- Narkatiaganj Bazar
- Narkatiaganj Location in Bihar, India
- Coordinates: 27°06′29″N 84°27′50″E﻿ / ﻿27.108°N 84.464°E
- Country: India
- State: Bihar
- District: West Champaran
- Elevation: 89 m (292 ft)

Population (2011)
- • Total: 49,507
- Time zone: UTC+5:30 (IST)
- PIN: 845455
- Telephone code: 06253
- Lok Sabha constituency: Valmiki Nagar
- Vidhan Sabha constituency: Narkatiaganj
- Website: westchamparan.bih.nic.in

= Narkatiaganj =

Narkatiaganj is a town and a notified area in West Champaran district in the Indian state of Bihar. It is a part of Tirhut Division, and situated 122 km northwest of Historical Mehsi and 280 km northwest of capital of the state, Patna.

==Overview==
Narkatiaganj is a subdivided region in West Champaran district in the Indian state of Bihar. It is situated 280 km northwest of the capital of Patna. Narkatiaganj contains 27 Panchayats. The city is well connected by roads and railways to all major places of Bihar and neighbor states. It is situated on the Barauni–Gorakhpur, Raxaul and Jainagar railway lines.

==Demographics==
As of 2011 India census, Narkatiaganj had a population of 49,507 in 9083 households. Males constitute 53% of the population and females 43%. Narkatiaganj has an average literacy rate of 65%, lower than the national average of 74%, male literacy is 57.65% and female literacy is 42.34%. 15.7% of the population in Narkatiyaganj is under 6 years of age.

=== According to Narkatiaganj Nagar Parishad ===
As per the 2011 Population Census data, the following are some facts about Narkatiaganj Nagar Parishad.

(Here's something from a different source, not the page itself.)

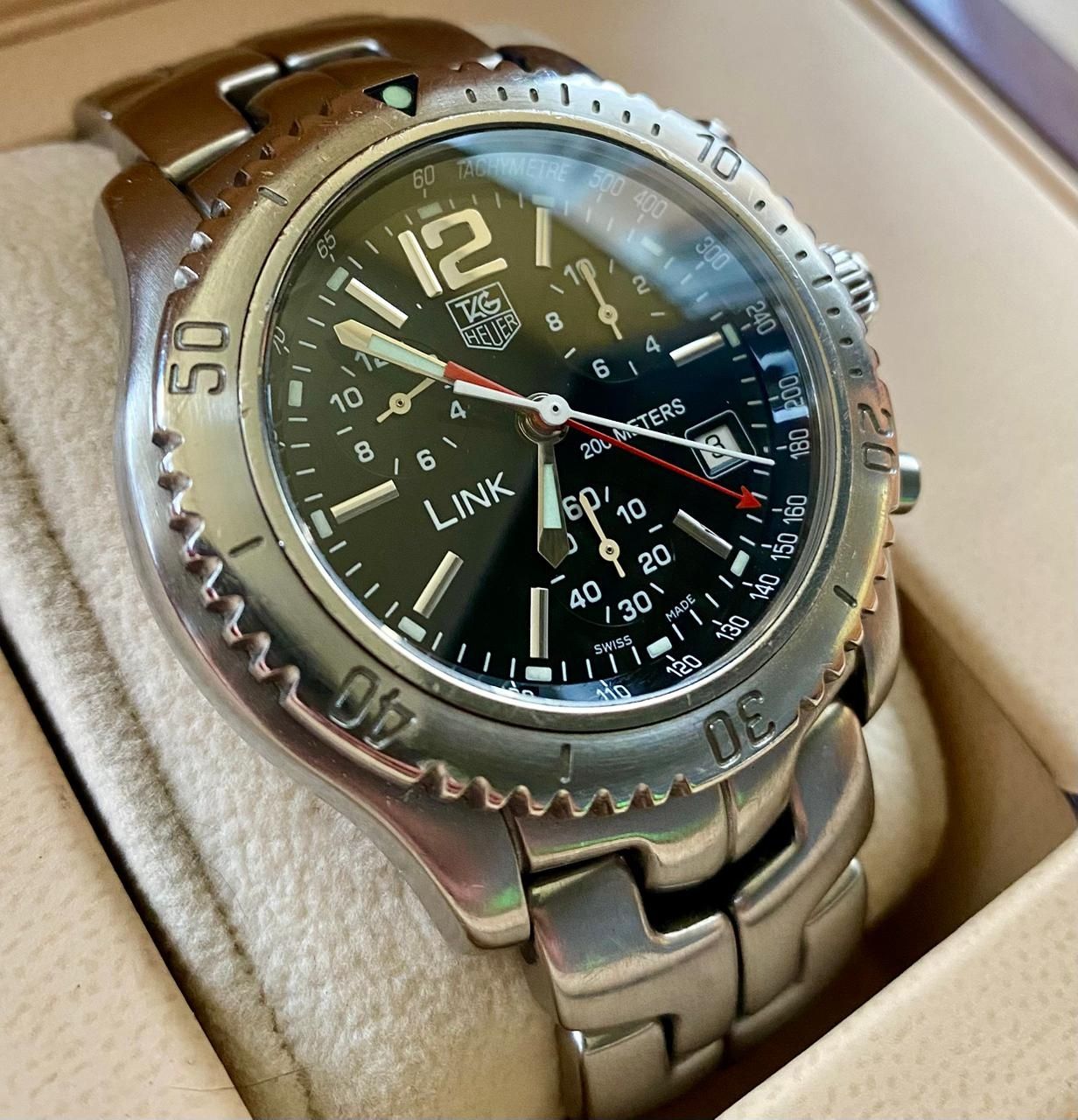 Швейцарський годинник Tag Heuer Link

|  | Total | Male | Female |
|---|---|---|---|
| Children | 7,789 | 4,067 | 3,722 |
| Literacy | 77.2% | 70.7% | 58.7% |
| Scheduled Caste | 5,026 | 2,660 | 2,366 |
| Scheduled Tribe | 332 | 176 | 156 |
| Illiterate | 17,305 | 7,708 | 9,597 |

==Climate==

Climate data for Narkatiaganj
| Month | Jan | Feb | Mar | Apr | May | Jun | Jul | Aug | Sep | Oct | Nov | Dec | Year |
| Record high °C (°F) | 22 (72) | 27.2 (81.0) | 31 (88) | 37 (99) | 34 (93) | 36 (97) | 33 (91) | 34 (93) | 33 (91) | 33 (91) | 30 (86) | 25 (77) | 37 (99) |
| Record low °C (°F) | 7 (45) | 9 (48) | 12 (54) | 23 (73) | 23 (73) | 26 (79) | 25 (77) | 24 (75) | 24 (75) | 21 (70) | 16 (61) | 9 (48) | 9 (48) |
Source:

==Notable people==
- Manoj Bajpai - Indian actor
- Satish Chandra Dubey - Politician
- Vikas Mishra, former Vice-Chancellor, Kurukshetra University
- Bhagirathi Devi - Politician
- Damodar Raao - Music Director

==Places of interest==
Near Narkatiaganj is the historical Chanaki Garh, which is said to belong to Chanakya, the prime minister of Chandragupta Maurya of the Mauryan dynasty. An Iron Pillar (also known as Ashoka Stambha) representing the history of India and commissioned by Ashoka, is another center of attraction.